Mauled by the Celtic Tiger: Human rights in Ireland's economic meltdown
A new report published by the Center for Economic and Social Rights (CESR) finds that human rights in Ireland are being undermined by response measures implemented in the wake of the country's financial crisis. Mauled by the Celtic Tiger: Human rights in Ireland's economic meltdown shows that the country's social and economic policies have not given due regard to its commitments under the International Covenant on Economic, Social and Cultural Rights (ICESCR), which it ratified in 1989. Ireland also seems to have ignored provisions in its own Constitution as it implemented a series of austerity budgets that have markedly undermined several economic and social rights, including the rights to education, health, housing, employment and an adequate standard of living.

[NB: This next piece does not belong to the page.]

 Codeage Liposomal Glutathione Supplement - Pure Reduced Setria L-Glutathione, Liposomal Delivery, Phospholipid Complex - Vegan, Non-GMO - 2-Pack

The recovery strategy prioritizes spending cuts over tax contributions, thus unnecessarily undermining the provision of ESC rights among vulnerable groups. Those responsible for the crisis have meanwhile been left relatively unaffected, thanks in part to the extravagant provision of resources to bailing out the banking sector and a regressive tax regime that is fuelling to rising inequality. Disproportionate funding cuts and "restructuring" of independent human rights bodies have also contributed to setbacks in human rights.
Given that this recovery strategy was designed in partnership with EU and IMF, there is also some doubt as to whether Ireland's partner countries have met their extra-territorial human rights obligations. This is true with regard to both the member states of international organizations and those countries that either count themselves among Ireland's creditors or are host to its creditor institutions.
These facts notwithstanding, now that retrogression in the provision of ESC rights in clearly evident, the government of Ireland is obliged to take immediate corrective steps to redress this situation. Despite the government's repeated statements to the contrary, there do exist alternatives to the current economic policies which work to deprive the Irish people of their inherent economic and social rights entitlements. The lessons of the current crisis must be learned if Ireland is to prevent further retrogression in the human rights of its population, and achieve a recovery that is both just and sustainable.